■ Activity ■
How many of the lines below include "Cute"? Give the number and no other words.

■ Records provided ■
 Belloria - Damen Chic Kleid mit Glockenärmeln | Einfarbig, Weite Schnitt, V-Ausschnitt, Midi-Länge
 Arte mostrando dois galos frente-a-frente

--

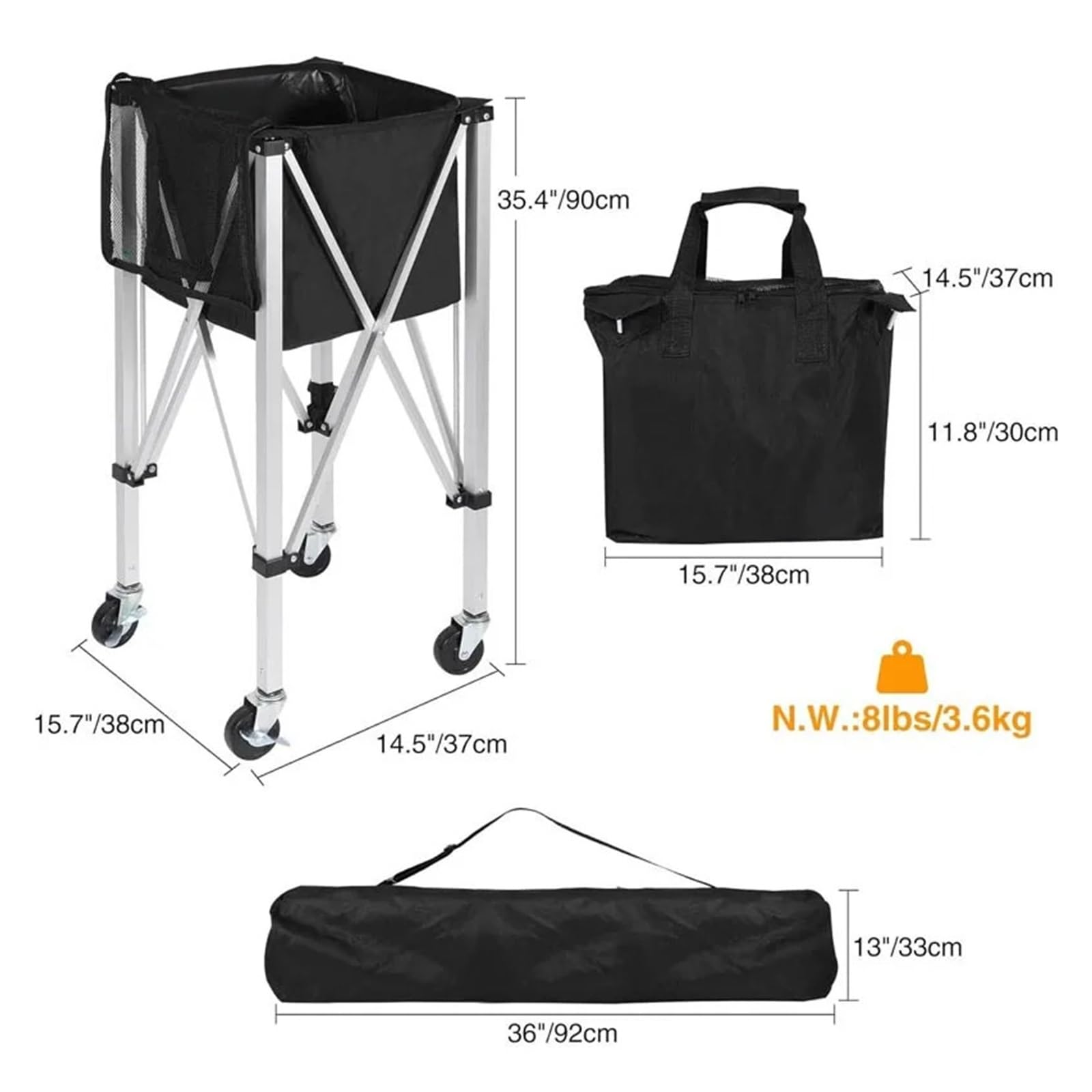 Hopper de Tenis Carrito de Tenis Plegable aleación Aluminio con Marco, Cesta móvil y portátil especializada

==

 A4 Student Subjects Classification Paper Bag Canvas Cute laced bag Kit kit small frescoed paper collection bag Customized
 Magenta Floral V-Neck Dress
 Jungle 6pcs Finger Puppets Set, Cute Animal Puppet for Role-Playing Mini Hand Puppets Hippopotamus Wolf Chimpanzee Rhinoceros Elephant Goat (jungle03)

■ Solution ■
2